I can’t choose between these two videos. Both voices are compromised. Marton was very good on stage every time I saw her and the blocking in the video is very good. Marton’s voice is pretty hard here, but she can still make a good effect. Goerke’s voice in not pleasant, either, but it’s marginally freer and sounds fresher, and very involved. I love this opera, so I’m willing to give both a chance. 

I can’t choose between them.


----------



## Azol (Jan 25, 2015)

With Elektra/Strauss I am firmly out of my element here. Goerke sounds fresher and Marton is past her prime, but I do not feel qualified to give an honest and informed vote in this case.


----------



## Seattleoperafan (Mar 24, 2013)

Azol said:


> With Elektra/Strauss I am firmly out of my element here. Goerke sounds fresher and Marton is past her prime, but I do not feel qualified to give an honest and informed vote in this case.


Stick around. There are some great mentors on this forum. I have learned so much.


----------



## Azol (Jan 25, 2015)

Seattleoperafan said:


> Stick around. There are some great mentors on this forum. I have learned so much.


This is not the "Help me to enjoy Strauss" case :lol:
Performances are very close in my opinion but at the gunpoint I would have voted for Goerke.
Just this music does not click with me (and never did) so I'd rather not tip the scale of this poll either way


----------



## gellio (Nov 7, 2013)

Seriously, these are so dumb and they've clogged up the entire first page of this board.


----------



## Bonetan (Dec 22, 2016)

gellio said:


> Seriously, these are so dumb and they've clogged up the entire first page of this board.


I'm sorry you're not enjoying these. I know how it feels to have the board clogged up by topics that you find pointless. However, many of us are having a great time with these and I continue to receive requests. And for me the educational value is priceless. If many feel the tournaments need to be moved elsewhere I certainly won't resist. However, I definitely don't intend to stop creating them as long as they're being enjoyed


----------



## Woodduck (Mar 17, 2014)

gellio said:


> Seriously, these are so dumb and they've clogged up the entire first page of this board.
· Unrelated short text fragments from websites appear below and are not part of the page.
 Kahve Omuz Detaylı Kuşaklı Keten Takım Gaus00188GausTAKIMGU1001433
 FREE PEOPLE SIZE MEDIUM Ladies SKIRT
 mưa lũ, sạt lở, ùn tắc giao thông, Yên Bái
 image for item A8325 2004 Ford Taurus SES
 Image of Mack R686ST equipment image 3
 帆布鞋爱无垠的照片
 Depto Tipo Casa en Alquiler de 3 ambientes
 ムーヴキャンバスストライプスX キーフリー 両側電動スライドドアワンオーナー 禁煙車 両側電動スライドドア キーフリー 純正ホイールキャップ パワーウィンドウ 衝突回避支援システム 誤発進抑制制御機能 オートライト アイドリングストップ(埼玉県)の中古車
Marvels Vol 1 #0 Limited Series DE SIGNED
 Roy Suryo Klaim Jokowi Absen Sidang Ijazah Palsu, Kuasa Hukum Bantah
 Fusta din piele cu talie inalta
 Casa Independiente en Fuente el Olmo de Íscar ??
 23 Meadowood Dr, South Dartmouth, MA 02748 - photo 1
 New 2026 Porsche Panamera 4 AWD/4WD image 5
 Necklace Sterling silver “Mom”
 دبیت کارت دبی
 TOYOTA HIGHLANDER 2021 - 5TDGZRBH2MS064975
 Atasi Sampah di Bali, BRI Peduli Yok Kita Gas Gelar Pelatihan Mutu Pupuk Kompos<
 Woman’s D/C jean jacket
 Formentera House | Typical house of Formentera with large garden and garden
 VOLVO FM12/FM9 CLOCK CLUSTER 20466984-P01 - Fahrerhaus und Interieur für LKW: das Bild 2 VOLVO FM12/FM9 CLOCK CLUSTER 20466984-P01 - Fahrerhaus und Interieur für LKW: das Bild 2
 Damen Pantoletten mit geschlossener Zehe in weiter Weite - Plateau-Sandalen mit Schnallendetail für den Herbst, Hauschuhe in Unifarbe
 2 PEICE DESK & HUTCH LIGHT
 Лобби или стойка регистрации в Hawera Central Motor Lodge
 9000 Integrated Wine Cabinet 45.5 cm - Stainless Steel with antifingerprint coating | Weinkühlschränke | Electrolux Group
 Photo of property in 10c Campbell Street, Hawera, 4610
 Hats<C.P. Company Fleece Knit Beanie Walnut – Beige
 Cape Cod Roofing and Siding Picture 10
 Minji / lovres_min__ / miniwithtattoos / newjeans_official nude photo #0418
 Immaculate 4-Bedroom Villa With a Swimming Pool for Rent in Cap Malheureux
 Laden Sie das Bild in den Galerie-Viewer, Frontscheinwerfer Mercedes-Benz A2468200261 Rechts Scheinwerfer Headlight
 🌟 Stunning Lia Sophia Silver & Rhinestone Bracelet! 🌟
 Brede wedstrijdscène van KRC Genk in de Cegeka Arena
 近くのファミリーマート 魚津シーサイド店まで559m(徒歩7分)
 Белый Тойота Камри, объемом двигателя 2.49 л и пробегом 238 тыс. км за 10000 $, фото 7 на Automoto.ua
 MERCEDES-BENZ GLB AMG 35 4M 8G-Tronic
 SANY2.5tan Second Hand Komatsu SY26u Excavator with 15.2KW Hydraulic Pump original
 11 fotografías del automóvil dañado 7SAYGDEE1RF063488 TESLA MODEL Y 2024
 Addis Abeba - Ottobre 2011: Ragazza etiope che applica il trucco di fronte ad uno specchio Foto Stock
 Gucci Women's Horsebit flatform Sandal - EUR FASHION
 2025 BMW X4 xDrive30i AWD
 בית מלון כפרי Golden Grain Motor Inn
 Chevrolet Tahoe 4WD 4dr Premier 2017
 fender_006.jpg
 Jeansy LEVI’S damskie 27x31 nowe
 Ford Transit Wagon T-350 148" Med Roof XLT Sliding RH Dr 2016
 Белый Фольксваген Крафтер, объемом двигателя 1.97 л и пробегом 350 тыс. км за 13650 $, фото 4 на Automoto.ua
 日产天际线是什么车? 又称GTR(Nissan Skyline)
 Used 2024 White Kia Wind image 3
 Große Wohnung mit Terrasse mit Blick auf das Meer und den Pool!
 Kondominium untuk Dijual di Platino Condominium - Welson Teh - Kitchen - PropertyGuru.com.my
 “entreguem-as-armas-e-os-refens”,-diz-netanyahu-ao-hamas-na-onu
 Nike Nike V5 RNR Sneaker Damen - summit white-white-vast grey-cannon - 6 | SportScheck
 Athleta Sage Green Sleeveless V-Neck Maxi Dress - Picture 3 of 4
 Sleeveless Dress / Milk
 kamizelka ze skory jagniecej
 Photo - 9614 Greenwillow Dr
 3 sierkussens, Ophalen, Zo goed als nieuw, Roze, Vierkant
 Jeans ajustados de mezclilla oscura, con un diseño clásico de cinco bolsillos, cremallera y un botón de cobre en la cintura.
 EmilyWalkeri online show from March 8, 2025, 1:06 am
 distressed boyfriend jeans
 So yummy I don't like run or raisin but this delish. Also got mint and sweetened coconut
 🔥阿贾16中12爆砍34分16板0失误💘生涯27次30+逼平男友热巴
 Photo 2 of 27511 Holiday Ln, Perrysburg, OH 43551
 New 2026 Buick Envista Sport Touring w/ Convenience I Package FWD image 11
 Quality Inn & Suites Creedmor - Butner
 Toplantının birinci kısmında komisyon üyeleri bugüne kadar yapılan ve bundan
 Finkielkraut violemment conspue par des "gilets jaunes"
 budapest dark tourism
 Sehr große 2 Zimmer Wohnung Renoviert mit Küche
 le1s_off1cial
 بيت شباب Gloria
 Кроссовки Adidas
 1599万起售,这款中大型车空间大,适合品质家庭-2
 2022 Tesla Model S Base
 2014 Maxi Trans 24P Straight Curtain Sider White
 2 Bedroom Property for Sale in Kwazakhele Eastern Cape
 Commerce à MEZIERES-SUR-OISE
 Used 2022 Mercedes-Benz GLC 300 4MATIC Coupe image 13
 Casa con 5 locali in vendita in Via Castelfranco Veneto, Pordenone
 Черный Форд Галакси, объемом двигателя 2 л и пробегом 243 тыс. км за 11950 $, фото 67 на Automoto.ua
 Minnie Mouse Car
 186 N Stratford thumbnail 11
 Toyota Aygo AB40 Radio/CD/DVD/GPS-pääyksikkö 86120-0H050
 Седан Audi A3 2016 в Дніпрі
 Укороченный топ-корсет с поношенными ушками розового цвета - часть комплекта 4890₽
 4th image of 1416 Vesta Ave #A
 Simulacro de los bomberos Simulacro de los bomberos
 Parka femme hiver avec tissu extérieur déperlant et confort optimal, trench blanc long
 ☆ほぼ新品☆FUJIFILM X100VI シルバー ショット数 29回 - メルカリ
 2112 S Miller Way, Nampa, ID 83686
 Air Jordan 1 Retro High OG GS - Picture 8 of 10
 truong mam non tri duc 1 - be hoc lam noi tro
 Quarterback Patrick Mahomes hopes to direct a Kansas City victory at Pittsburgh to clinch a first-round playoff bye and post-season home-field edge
Why is it dumb to consider and compare the qualities of singers on an opera forum? If this were a mere competition or poll I'd agree with you and wouldn't be very interested, but we aren't limited to bare assertions of preference. Some of these pairings provide strong contrasts of voice, technique, style and interpretation, while others present singers basically similar and distinguishable in subtler ways. Some of us may have knowledge and insights that others of us can learn from. And, not least, we may hear singers we were unaware of. For example, I'm grateful to Bonetan for introducing me to Florence Quartararo, who not only was a remarkable singer but also has an interesting story.


----------



## Bonetan (Dec 22, 2016)

Woodduck said:


> Why is it dumb to consider and compare the qualities of singers on an opera forum? If this were a mere competition or poll I'd agree with you and wouldn't be very interested, but we aren't limited to bare assertions of preference. Some of these pairings provide strong contrasts of voice, technique, style and interpretation, while others present singers basically similar and distinguishable in subtler ways. Some of us may have knowledge and insights that others of us can learn from. And, not least, we may hear singers we were unaware of. *For example, I'm grateful to Bonetan for introducing me to Florence Quartararo, who not only was a remarkable singer but also has an interesting story.*


All credit to Silentio for Quartararo! I'm very happy he exposed me to this fantastic singer as well


----------



## Woodduck (Mar 17, 2014)

Bonetan said:


> All credit to Silentio for Quartararo! I'm very happy he exposed me to this fantastic singer as well


Thanks, then, to both of you.


----------



## Revitalized Classics (Oct 31, 2018)

gellio said:


> Seriously, these are so dumb and they've clogged up the entire first page of this board.


The threads Bonetan have posted since Christmas alone have been seen *6500+ times* and prompted over *200 replies*. They have caught the imagination and are a very welcome contribution.

They are not "clogging up" the board - they are currently the main event. What precisely is he clearing the way _for_? Read the precis for goodness sake: "Forum for discussing operas and operettas, as well as opera singers and related topics."

What is _really_ "dumb" is trying to stifle some of the very few active discussions.


----------